Wrapped Arc de Triomphe Is Christo’s Fleeting Gift to Paris
The New York Times
Planned by the conceptual artist 60 years ago, the posthumous work transforms a great monument with a glistening cloak. It feels like a liberating moment for the city.
PARIS — For almost 60 years, the artist known as Christo dreamed of wrapping the Arc de Triomphe. As a young man, having fled communist Bulgaria, he would gaze at the monument from his tiny garret apartment. A photomontage dated 1962 shows the 164-foot-high arch crudely bundled up. Freedom trumped the sacred. He always wanted people to look again at what perhaps they did not see.
Now, a little over a year after Christo’s death at the age of 84, “L’Arc de Triomphe, Wrapped” is a reality. Some 270,000 square feet of silvery blue fabric, shimmering in the changing light of Paris, hugs the monument commissioned by Napoleon in 1806 at the giddy height of his power. The polypropylene material, its tone reminiscent of the city’s distinctive zinc roofs, is secured but not held rigidly fast by almost 1.9 miles of red rope, in line with the artist’s meticulous instructions.

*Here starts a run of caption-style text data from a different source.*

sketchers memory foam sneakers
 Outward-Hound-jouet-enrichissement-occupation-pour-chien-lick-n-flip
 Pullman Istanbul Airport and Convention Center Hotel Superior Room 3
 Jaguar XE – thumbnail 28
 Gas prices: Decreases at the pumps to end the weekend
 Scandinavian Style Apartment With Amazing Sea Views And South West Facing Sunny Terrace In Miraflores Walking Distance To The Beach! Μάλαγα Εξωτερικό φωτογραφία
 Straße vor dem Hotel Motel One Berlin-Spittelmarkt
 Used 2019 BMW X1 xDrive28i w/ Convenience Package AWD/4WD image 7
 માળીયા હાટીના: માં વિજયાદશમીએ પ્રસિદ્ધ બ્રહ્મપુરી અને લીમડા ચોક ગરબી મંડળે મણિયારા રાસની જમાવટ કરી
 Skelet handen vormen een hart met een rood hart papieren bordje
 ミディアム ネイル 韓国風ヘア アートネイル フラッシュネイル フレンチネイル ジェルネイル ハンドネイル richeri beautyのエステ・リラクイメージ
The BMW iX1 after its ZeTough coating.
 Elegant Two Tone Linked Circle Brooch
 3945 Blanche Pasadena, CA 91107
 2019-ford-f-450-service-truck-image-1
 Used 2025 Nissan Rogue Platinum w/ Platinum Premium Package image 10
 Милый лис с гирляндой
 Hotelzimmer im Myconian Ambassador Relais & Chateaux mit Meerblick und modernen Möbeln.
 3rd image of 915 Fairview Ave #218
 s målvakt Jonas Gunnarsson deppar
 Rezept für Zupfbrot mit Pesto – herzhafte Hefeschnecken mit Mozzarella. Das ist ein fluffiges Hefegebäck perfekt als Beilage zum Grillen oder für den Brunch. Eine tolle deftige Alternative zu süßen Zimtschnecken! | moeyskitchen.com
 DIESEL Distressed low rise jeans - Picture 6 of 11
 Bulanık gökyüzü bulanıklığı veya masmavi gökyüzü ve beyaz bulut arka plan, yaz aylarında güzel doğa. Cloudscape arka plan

“He wanted a living object that, with its moving folds, would turn the monument’s surface into something sensual,” Vladimir Yavachev, Christo’s nephew and the project director, told me. Suddenly, at the top of the Champs Élysées, a magical pale object beckons, its glistening lightness anchored by steel slabs weighing 150 tons. The effect is at once disorienting and riveting.